Client

How to use the Dataquality Client with the dataquality python package in your Databricks Notebook?

Running a measurement with the Dataquality Client will result in two dataframes: one with row-level checks and one with aggregate checks. Additionaly, a measurement object is returned in which you can find the details of your measure run, including the criteria and the mapping that was used to execute the measure.
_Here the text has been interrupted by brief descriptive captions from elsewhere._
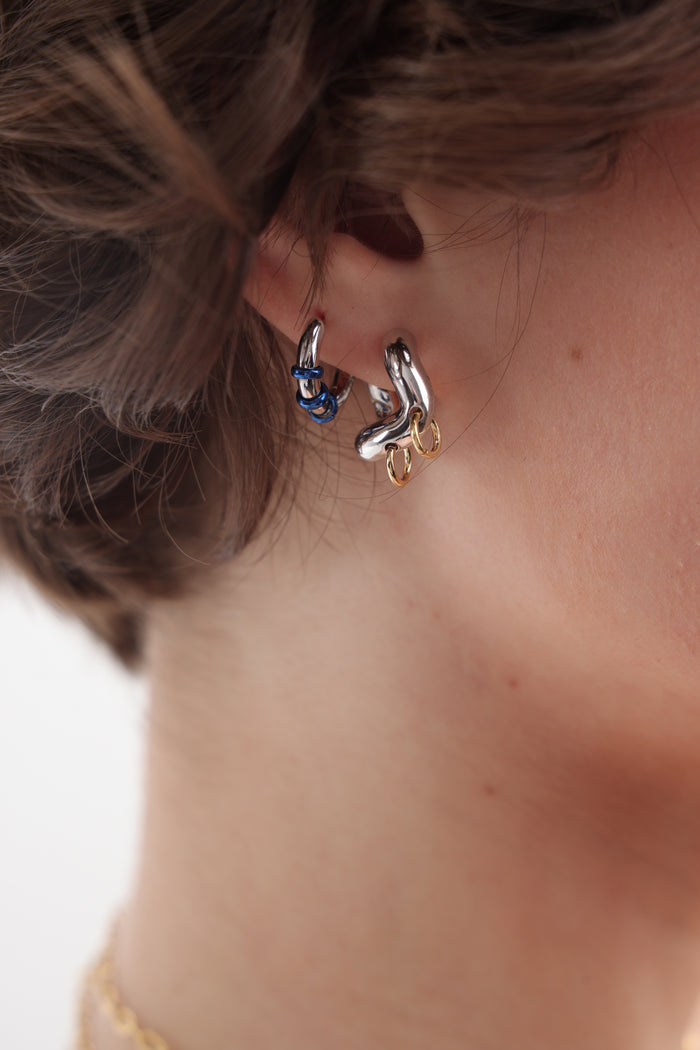 Eshvi Silver Pierced Earrings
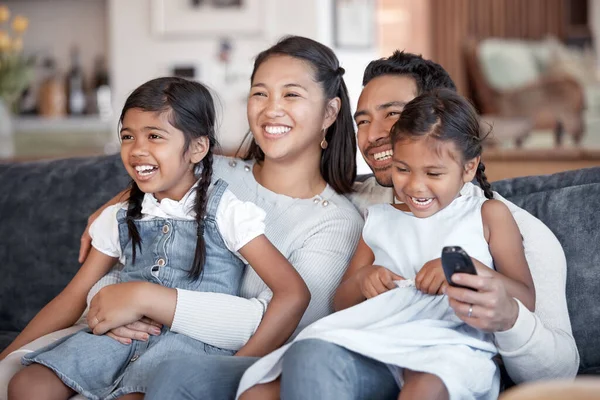 Watching Favourite Show Affectionate Young Family Four Watching Living Room — Fotografia de Stock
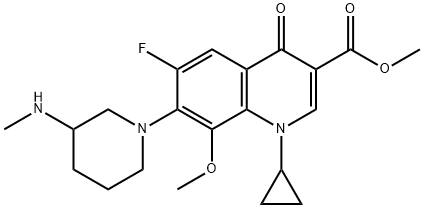 3-Quinolinecarboxylic acid, 1-cyclopropyl-6-fluoro-1,4-dihydro-8-methoxy-7-[3-(methylamino)-1-piperidinyl]-4-oxo-, methyl ester Structure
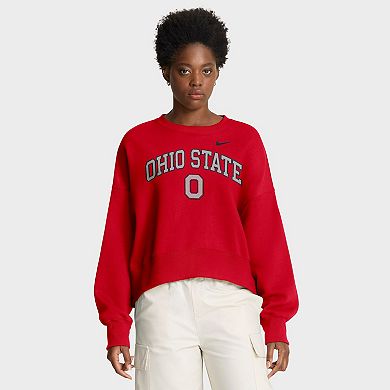 Women's Nike Scarlet Ohio State Buckeyes Oversized Phoenix Arch Pullover Sweatshirt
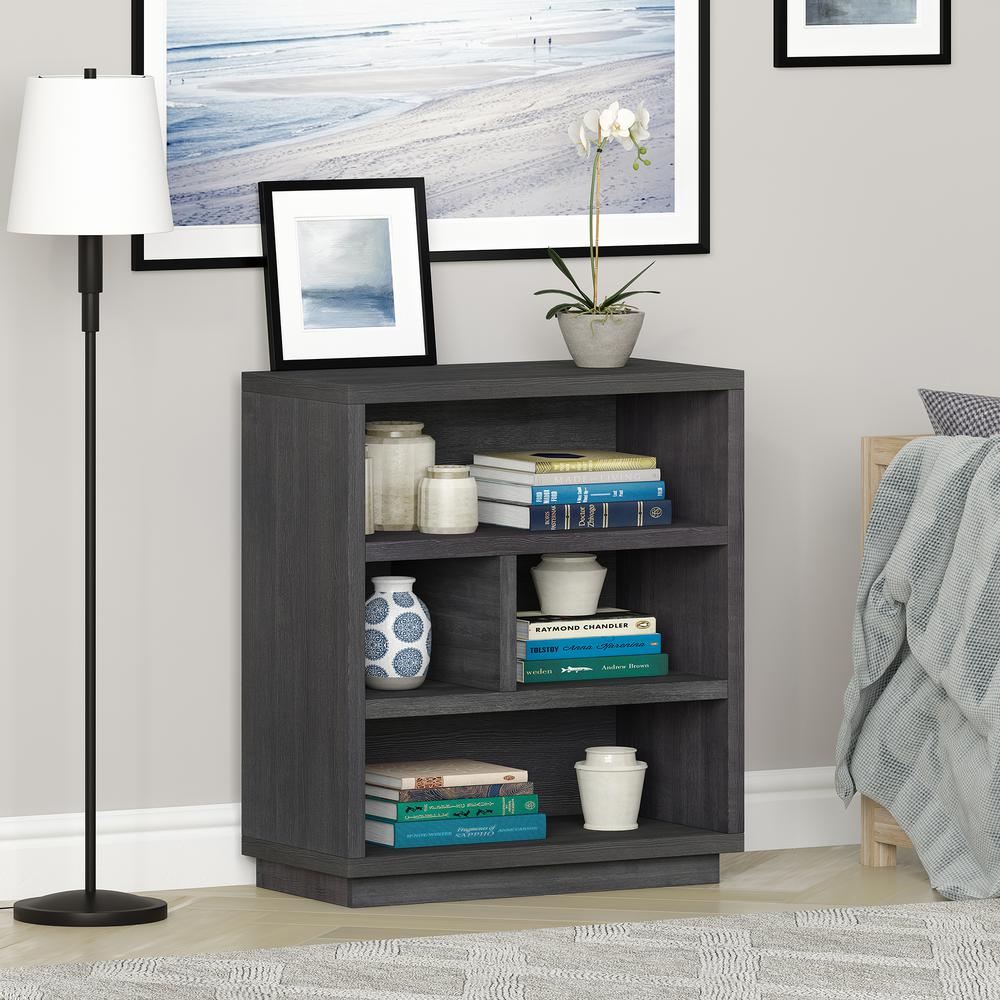 Bowman 32'' Tall Rectangular Bookcase in Charcoal Gray. Picture 2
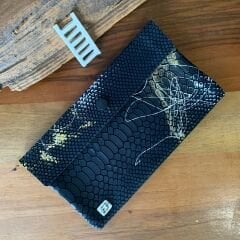 Siyah Piton Baskılı Deri Çanta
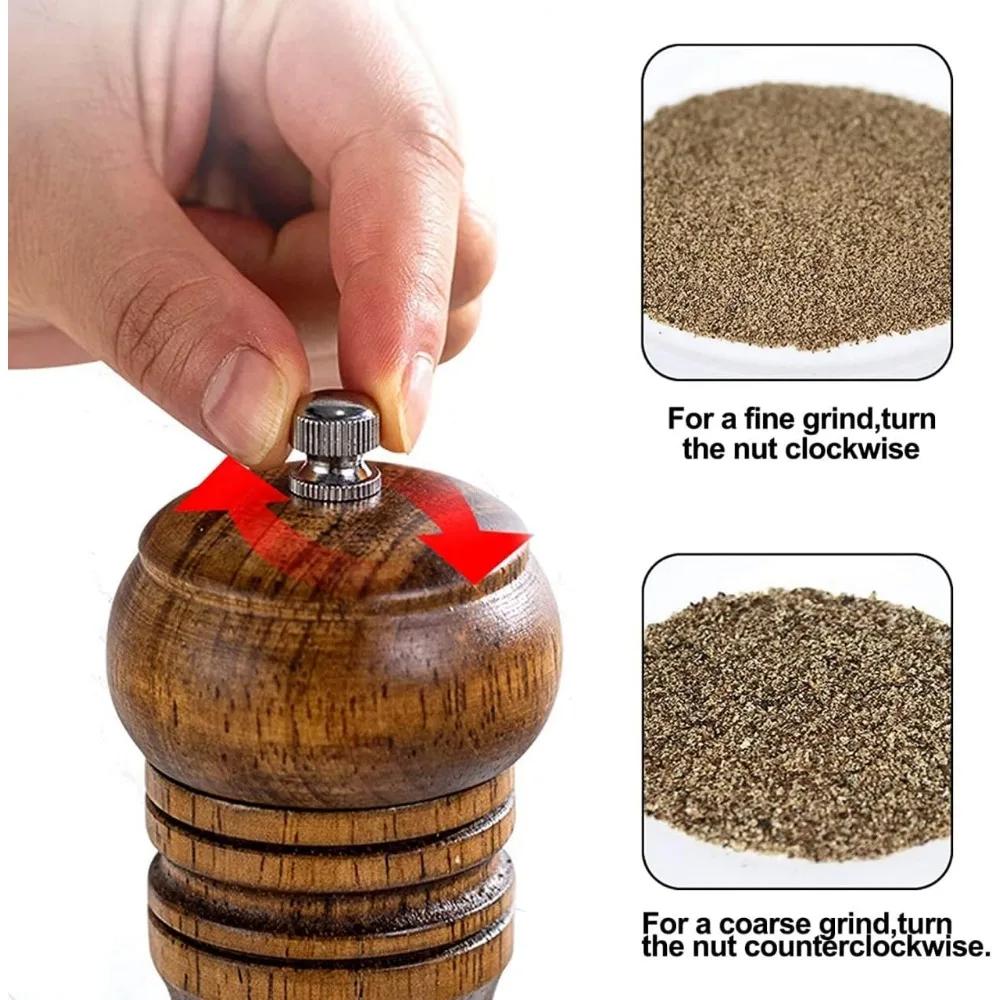 Wooden Pepper/Salt Mill Adjustable Ceramic Mill Hand-Operated Spice Grinders for Home Kitchen Use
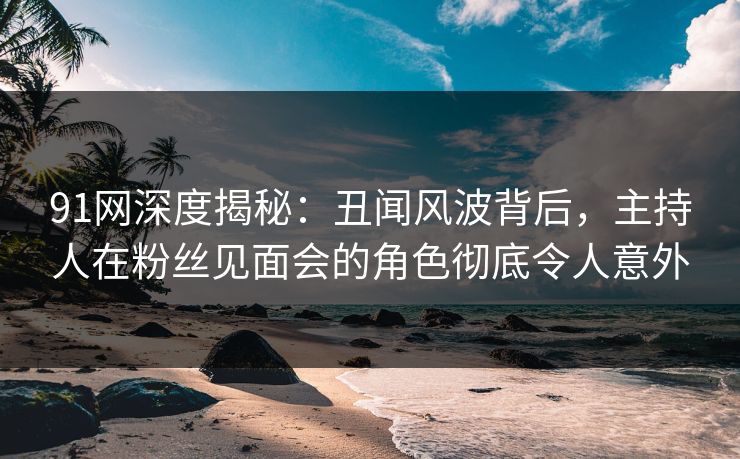 91网深度揭秘：丑闻风波背后，主持人在粉丝见面会的角色彻底令人意外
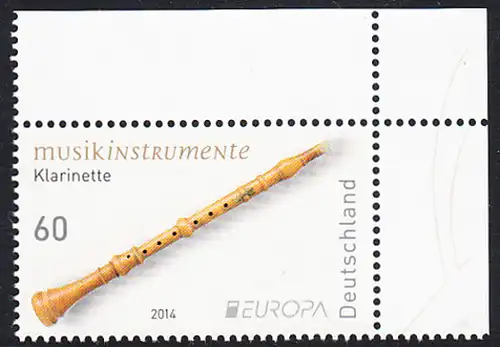 BUND 2014 Michel-Nummer 3078 postfrisch EINZELMARKE ECKRAND oben rechts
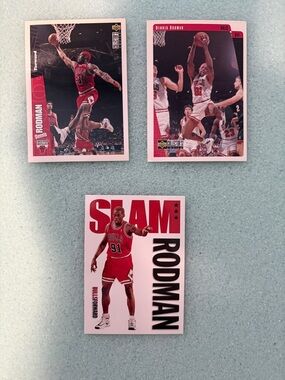 Dennis Rodman Bulls Basketball Card Lot - Red & White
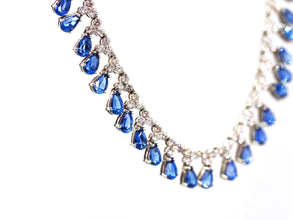11.49 Ct White Gold Teardrop Sapphire and Diamond Necklace 14kt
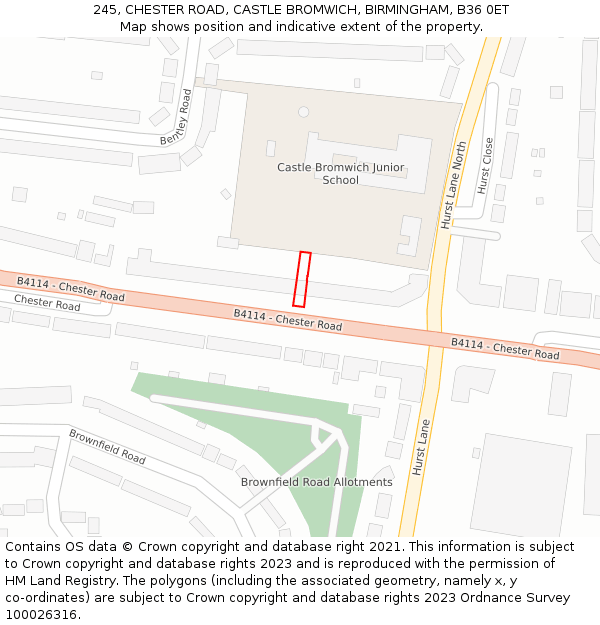 245, CHESTER ROAD, CASTLE BROMWICH, BIRMINGHAM, B36 0ET: Location map and indicative extent of plot
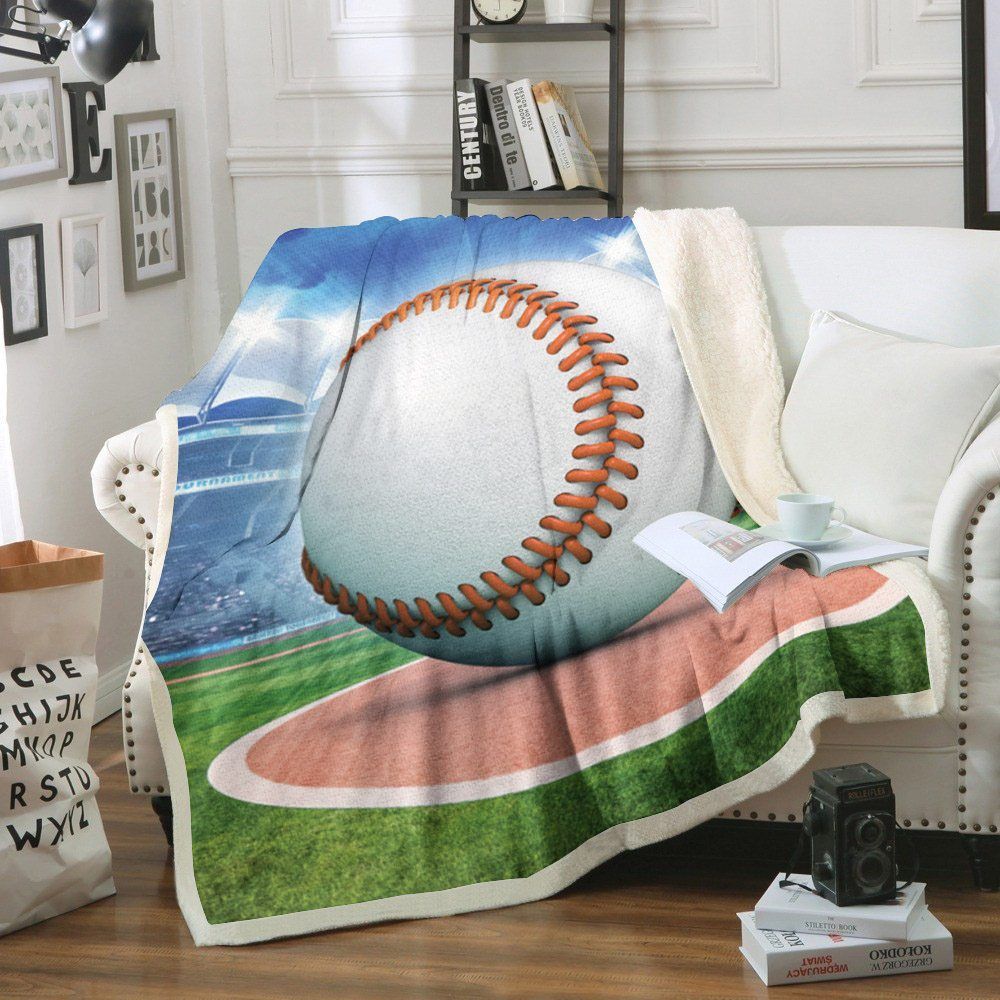 Baseball Sherpa Fleece Blanket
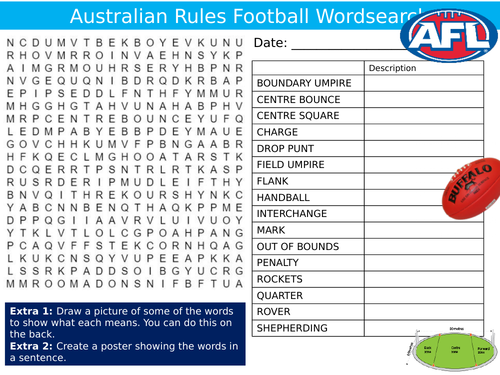 Australian Rules Football Wordsearch Puzzle Sheet Keywords Settler Starter Cover Lesson PE Sports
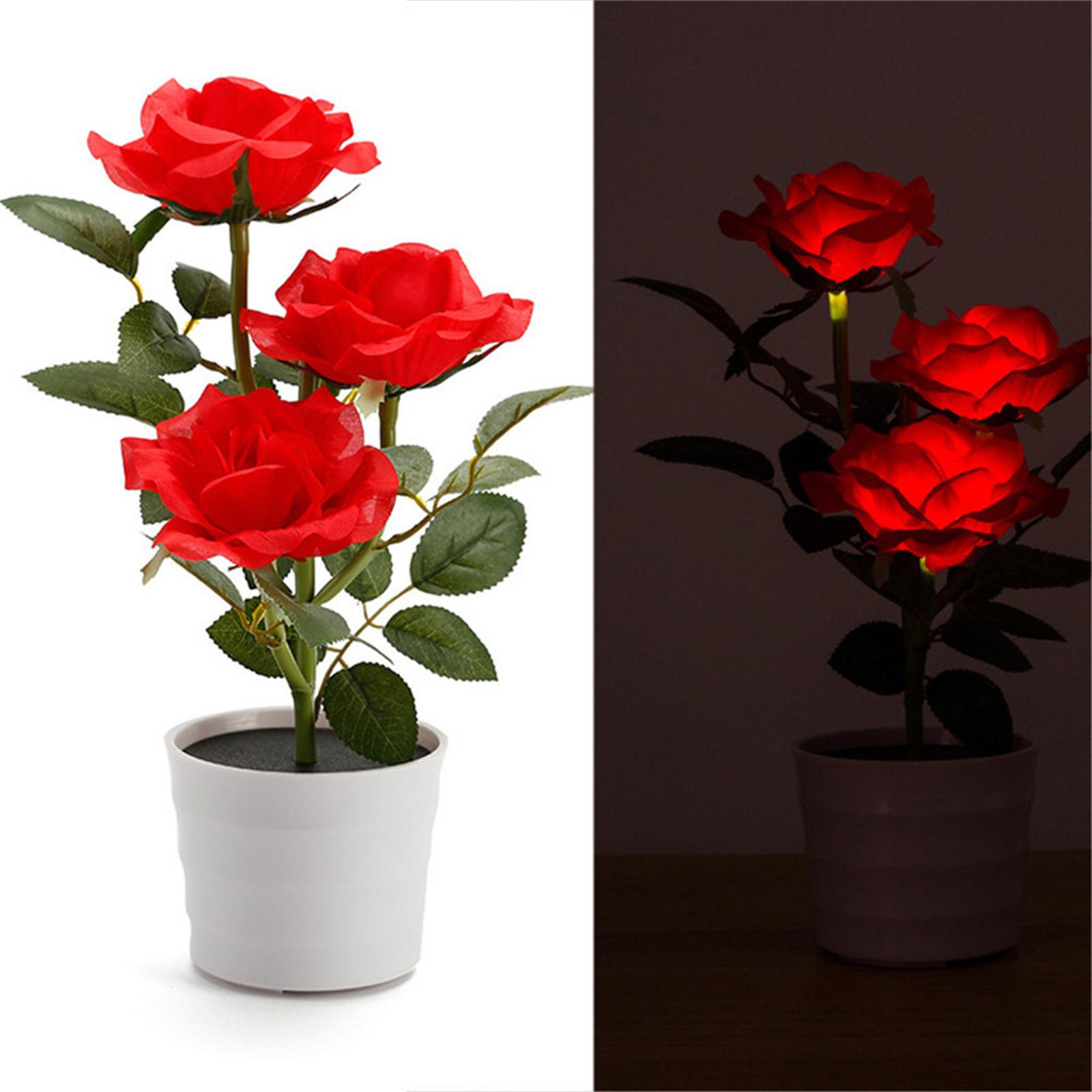 

Solar Powered LED Artificial Rose Flower Pot with Realistic Leaves and Stems Outdoor Decorative Garden Light for Patio Yard Pathway One Size червоний
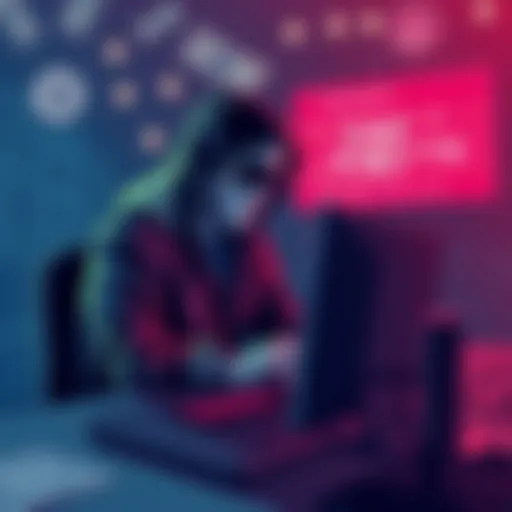 Illustration showing a hacker operating at a computer, with images of dollar bills and U.S. government symbols in the background, representing theft.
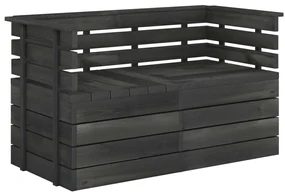 vidaXL Tuinbank 2-zits pallet massief grenenhout donkergrijs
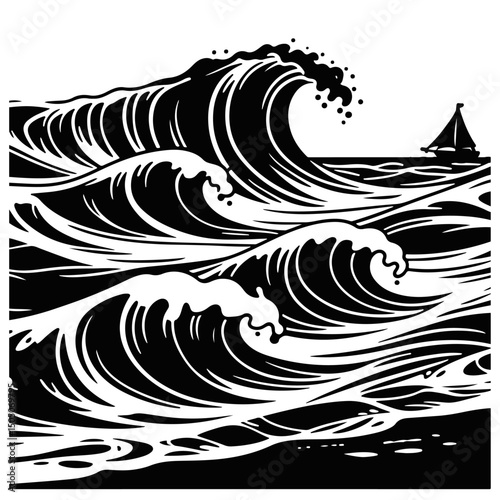 A black and white illustration of powerful ocean waves crashing.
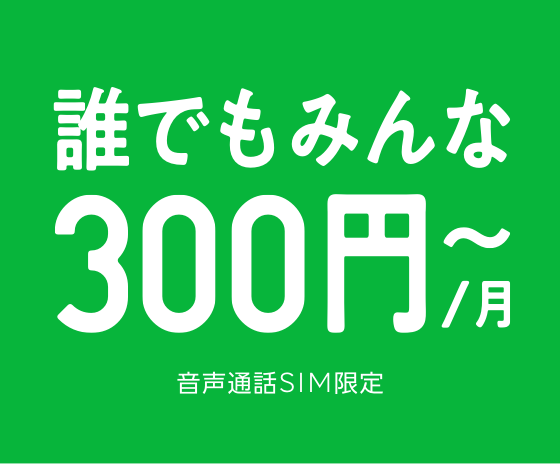音声通話SIM限定　誰でもみんな300円～/月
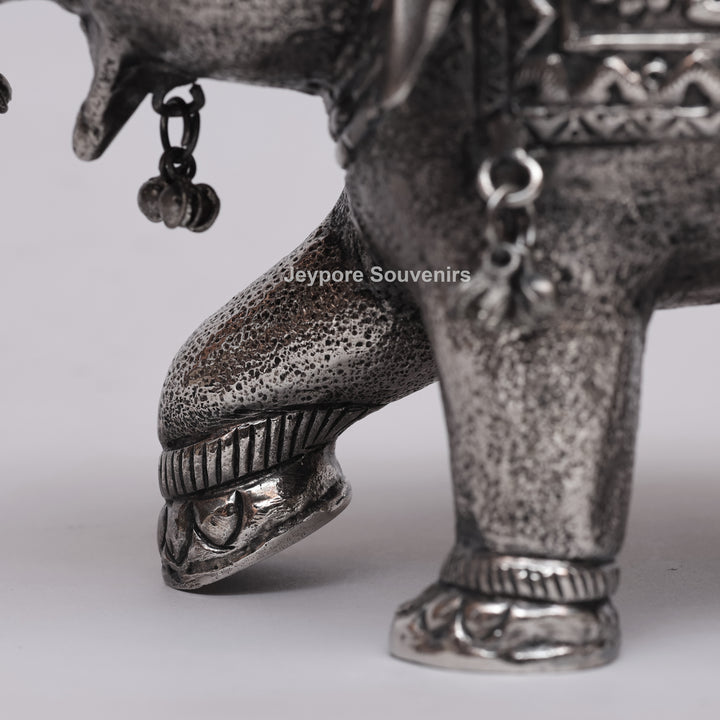 Handcrafted Silver Polished Elephant Statue with Hanging Bells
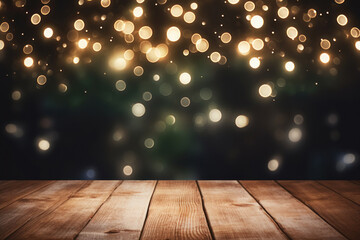 empty brown wooden floor or wood board table with blurred abstract night light bokeh background, copy space for display of product or object presentation, Generative AI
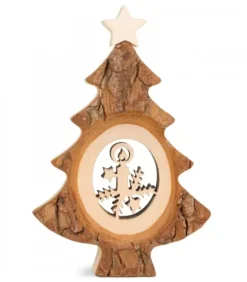 Sapin De Noël En Bois Avec Père Noël Et Luge Cisele, 12 Cm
Provide the criteria for your measurement in yaml format:

  1. Import the Dataquality Client from the dataquality package

import adq.client
  1. Run the Dataquality Client to start a measurement and retrieve the measurement results.

%%measure
table: samples.tpch.nation 
columns:
- name: n_nationkey
  datatype: integer
  checks:
  - type: in_range
    min: 0
    max: 10
  - type: custom
    expression: ${{ column }} > 0
  1. Retrieve the results from the previous cell by running the following command.

measurement = _
  1. Retrieve and query the measure dataframes

In the row-check dataframe, the “__cast_xxx” column refers to the datatype check in the yaml(in this case integer), and the “__check_xxx” columns refer to the checks configured in the yaml under checks.

%sql
select * from adq_row
select * from adq_agg
  1. Retrieve information from the measurement object

In the measurement object, you can find which “__check_xxx” column is mapped to the executed check in the measurement.

For example:

measurement.status.latest
measurement.result.column_mappings